_Aim of the exercise_:
Without the images, print every line of the material below exactly as given.

[Record extracts]

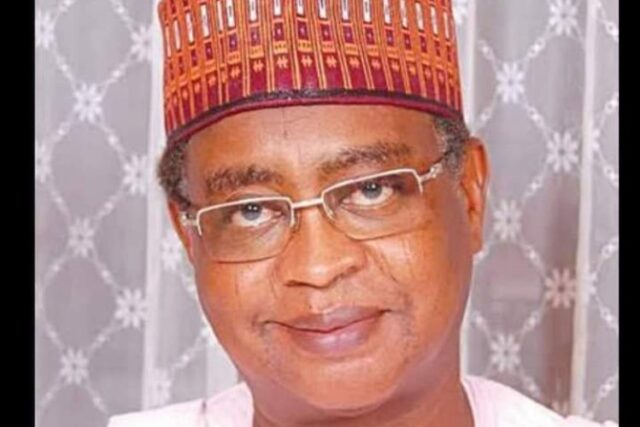 image_750x500_61d290490860b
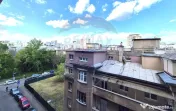 Apartament 4 camere de vânzare | Zona P-ta Unirii Consti... 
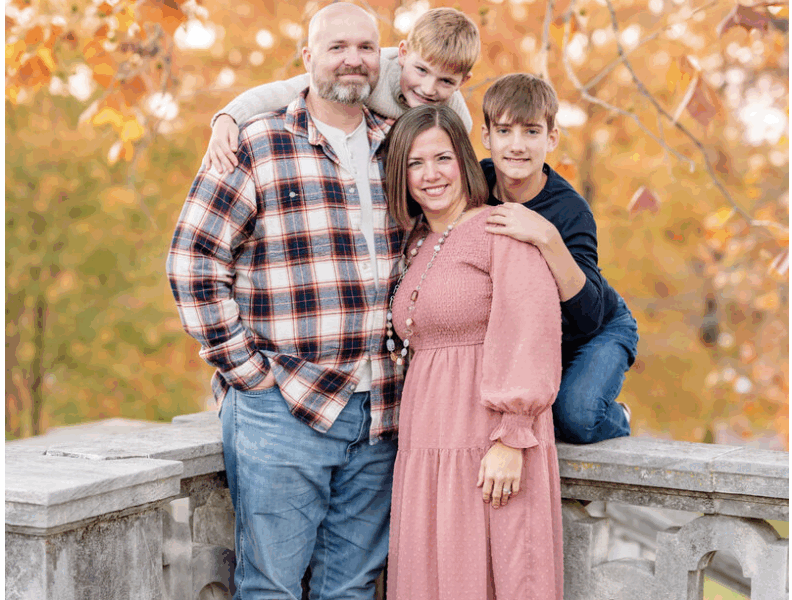 Carly Ferraco Photography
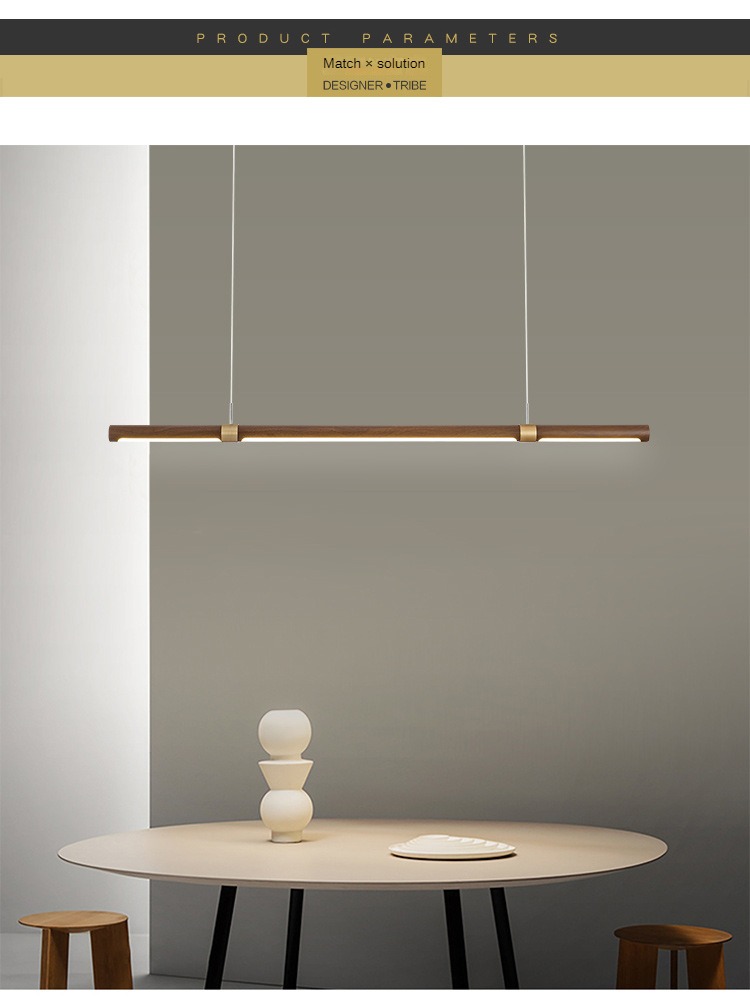 hmqViviiyNSAyin7WueWt4l93qvHNdRd2ZJK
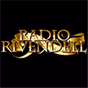 Radio Rivendell logo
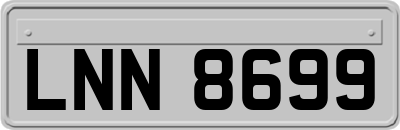 LNN8699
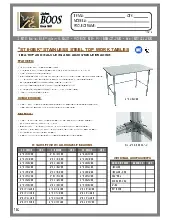 john-boos-st6-24108gbk-work-table-97-108-stainless-steel-top-specsheet-250815t68cjs.pdf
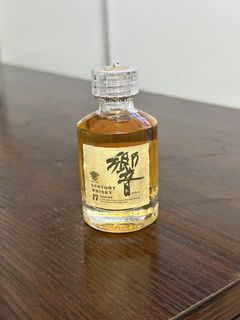 （分類：）位於 。 由 treesons.stevelau 提交（商品編號 1445905006，圖片 1）。簡介： 。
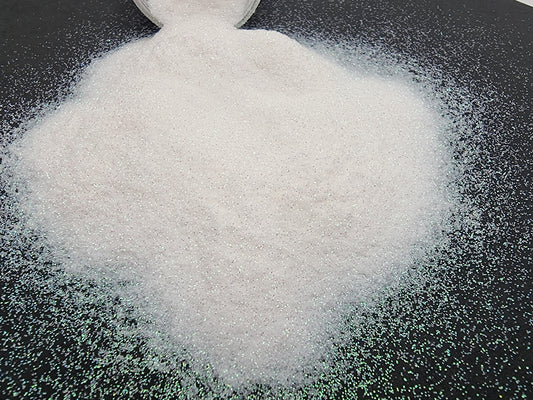 Pixie Dust Iridescent Ultra Fine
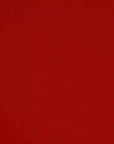 Red Adirondack Chair Set of 2 - From Where - 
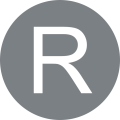 Rocio profile picture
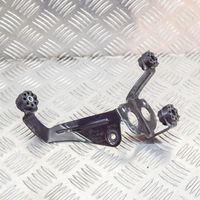 BMW 4 F32 F33 Support bolc ABS 2284888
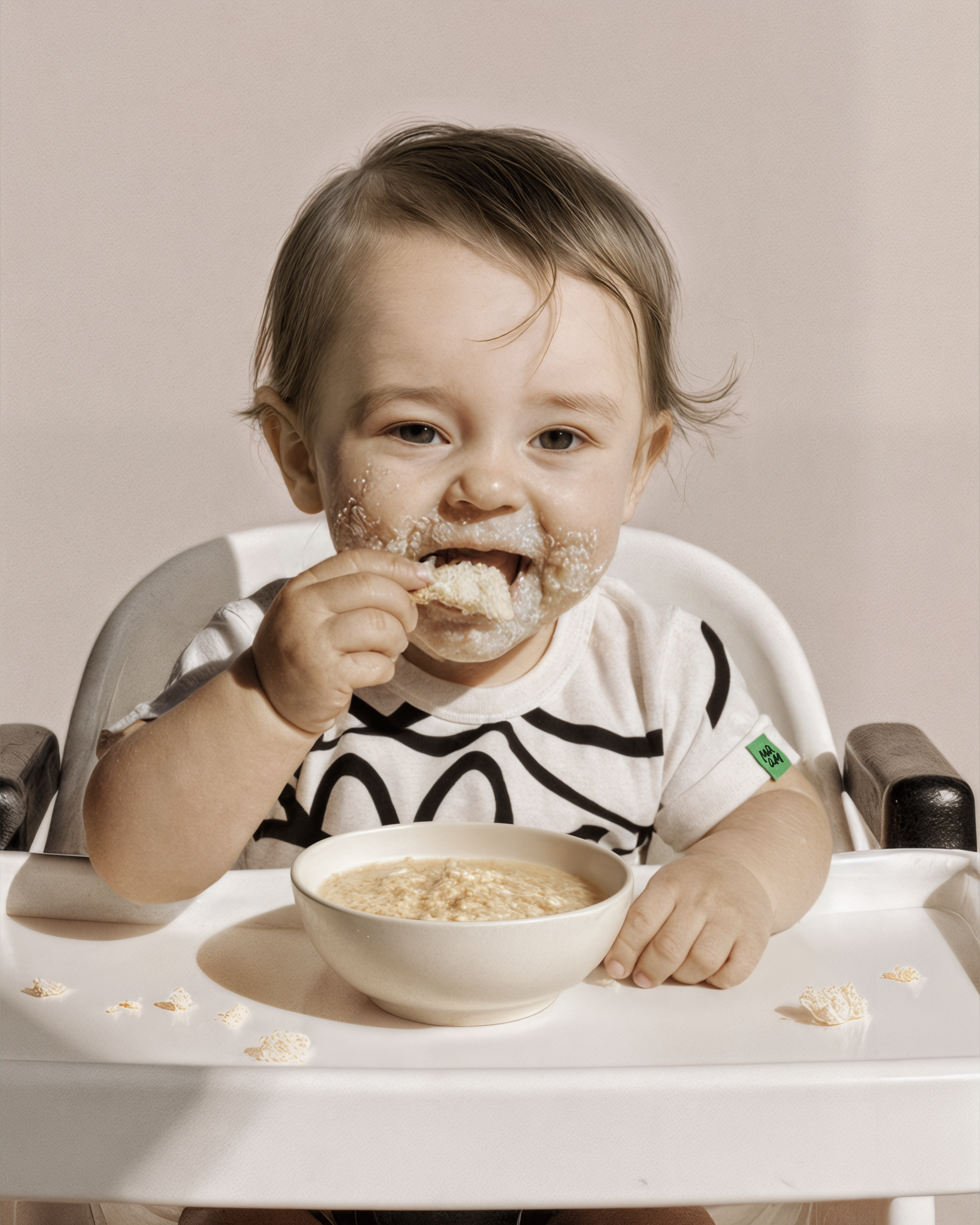 Концепт бренда честной косметики «МААМ» — Изображение №8 — Брендинг, Графика на Dprofile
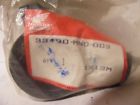 33490-mn0-003 Honda Genuine Right Front Turn Signal Stay
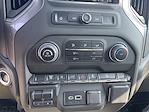 New 2025 Chevrolet Silverado 2500 Work Truck Crew Cab 4WD SRW Pickup for sale #GM5556 - photo 24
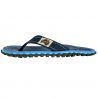 GUMBIES ISLANDER CANVAS UNISEX flip-flops - 2 buty zapaśnicze ubrania kostiumy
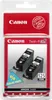 Original Tinte für Canon Pixma IP4850/MG5150 schwarz Produktbild-Vorschau 6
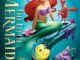 thelittlemermaid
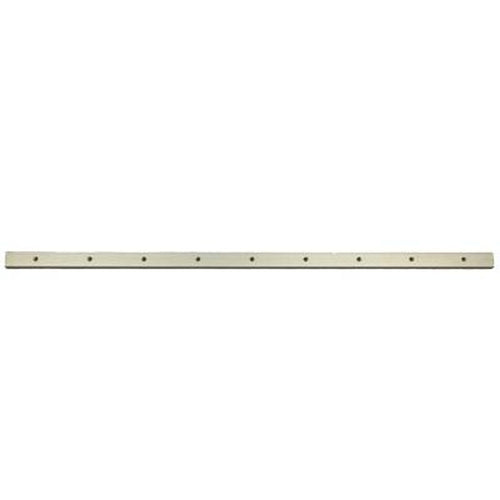 FullBack Backing Plate for GT90GearTrac 12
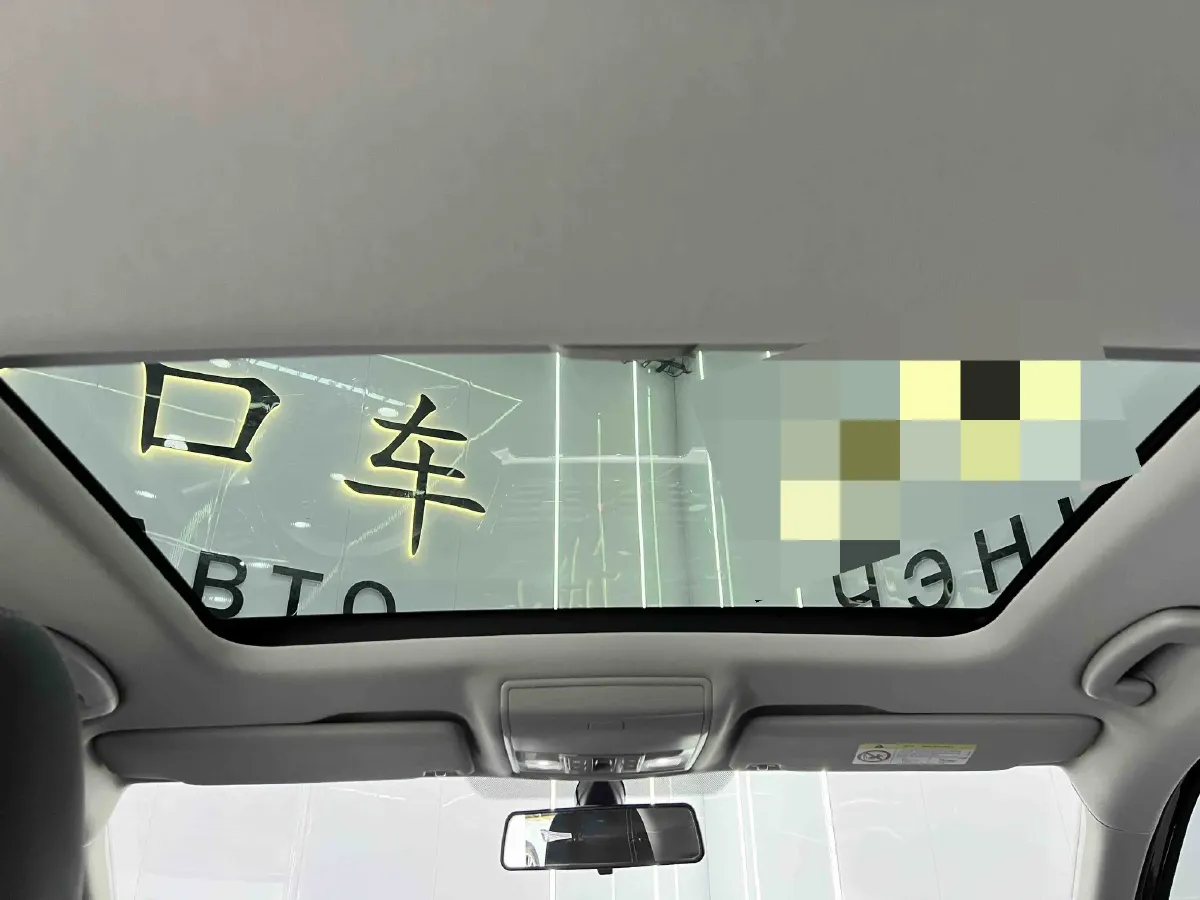 2023 Skoda Superb 1.4T 150HP L4 7DCT,autocango,china used car exporter,china ev exporter,chinese used car exporter,chinese used ev exporter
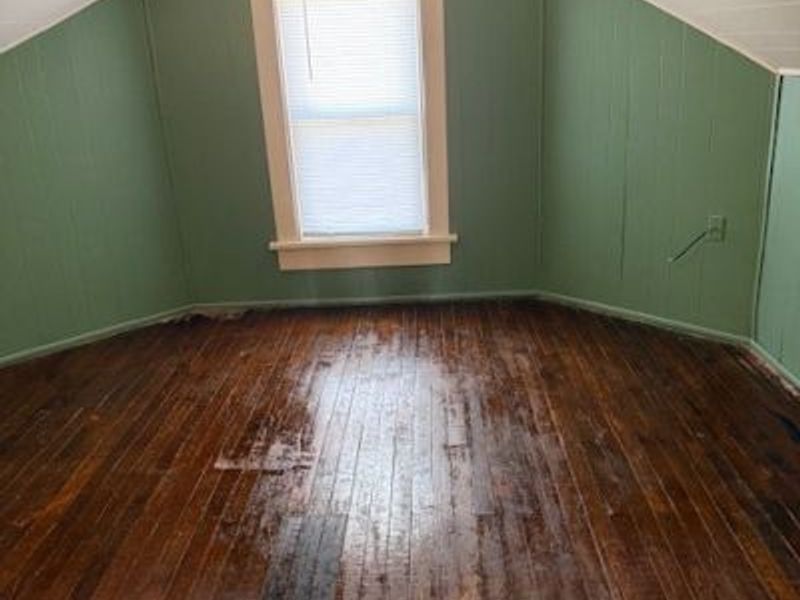 900 Phillips Street, Marietta, OH 45750 Photo 31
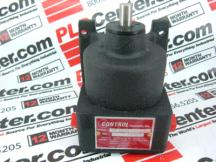 CI2120A2B Контроль температуры/процесса от DAZIC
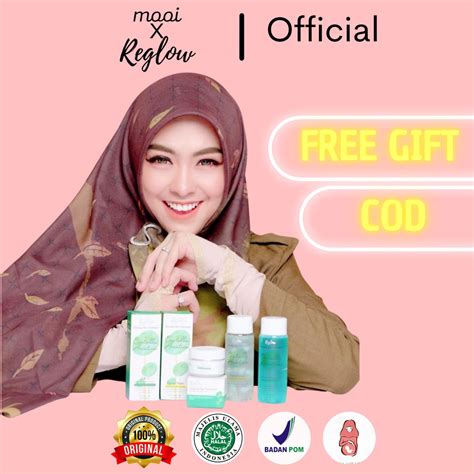 Produk Anw Official Store Shopee Indonesia
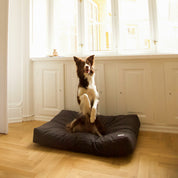 スクエアベッド / Tobine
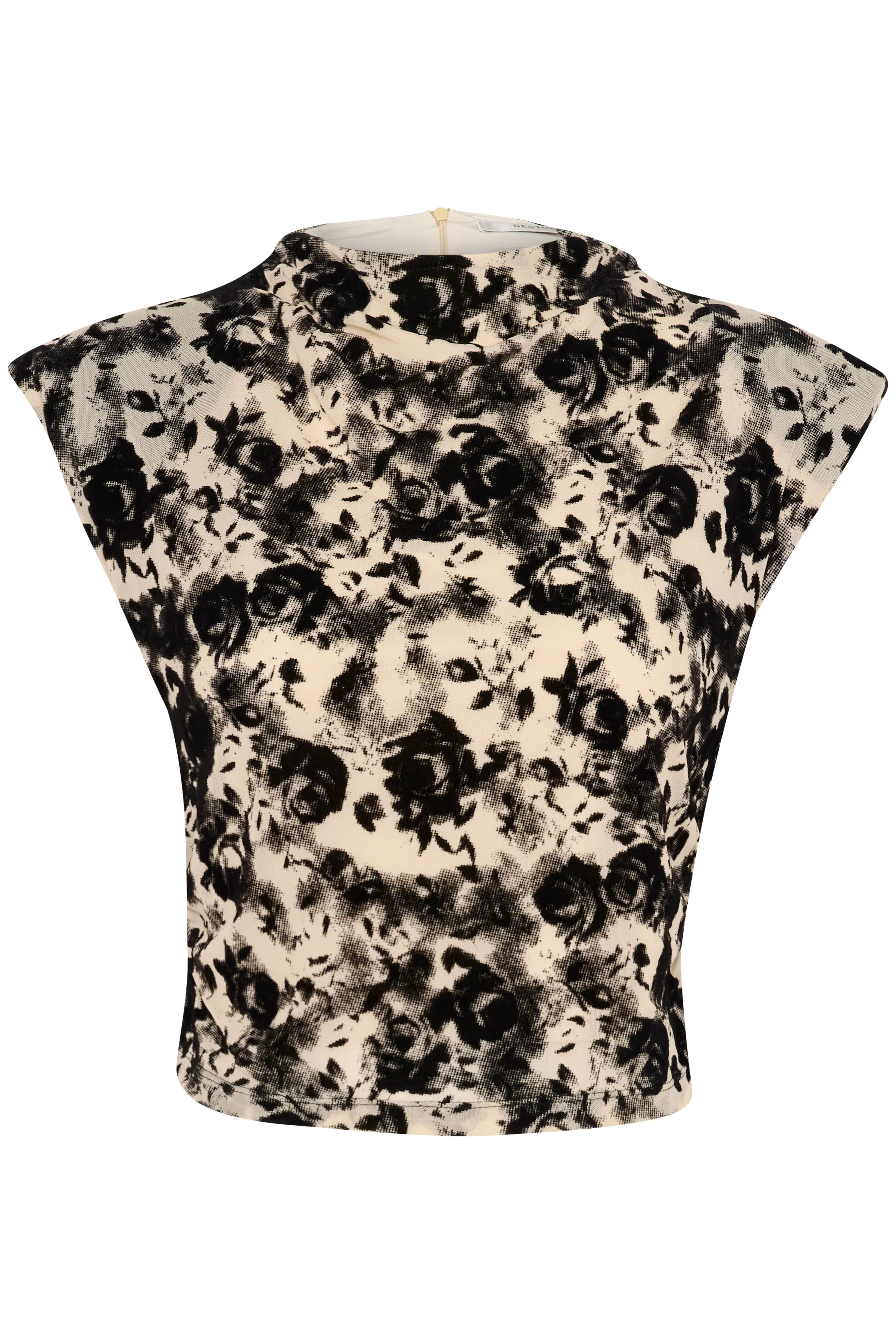 GZflora Top PACK FRONT 10909985-107305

[/Record extracts]

_Solution for this problem_:
 image_750x500_61d290490860b
 Apartament 4 camere de vânzare | Zona P-ta Unirii Consti... 
 Carly Ferraco Photography
 hmqViviiyNSAyin7WueWt4l93qvHNdRd2ZJK
 Radio Rivendell logo
 LNN8699
 john-boos-st6-24108gbk-work-table-97-108-stainless-steel-top-specsheet-250815t68cjs.pdf
 （分類：）位於 。 由 treesons.stevelau 提交（商品編號 1445905006，圖片 1）。簡介： 。
 Pixie Dust Iridescent Ultra Fine
 Red Adirondack Chair Set of 2 - From Where - 
 Rocio profile picture
 BMW 4 F32 F33 Support bolc ABS 2284888
 Концепт бренда честной косметики «МААМ» — Изображение №8 — Брендинг, Графика на Dprofile
 33490-mn0-003 Honda Genuine Right Front Turn Signal Stay
 New 2025 Chevrolet Silverado 2500 Work Truck Crew Cab 4WD SRW Pickup for sale #GM5556 - photo 24
 GUMBIES ISLANDER CANVAS UNISEX flip-flops - 2 buty zapaśnicze ubrania kostiumy
 Original Tinte für Canon Pixma IP4850/MG5150 schwarz Produktbild-Vorschau 6
 thelittlemermaid
 FullBack Backing Plate for GT90GearTrac 12
 2023 Skoda Superb 1.4T 150HP L4 7DCT,autocango,china used car exporter,china ev exporter,chinese used car exporter,chinese used ev exporter
 900 Phillips Street, Marietta, OH 45750 Photo 31
 CI2120A2B Контроль температуры/процесса от DAZIC
 Produk Anw Official Store Shopee Indonesia
 スクエアベッド / Tobine
 GZflora Top PACK FRONT 10909985-107305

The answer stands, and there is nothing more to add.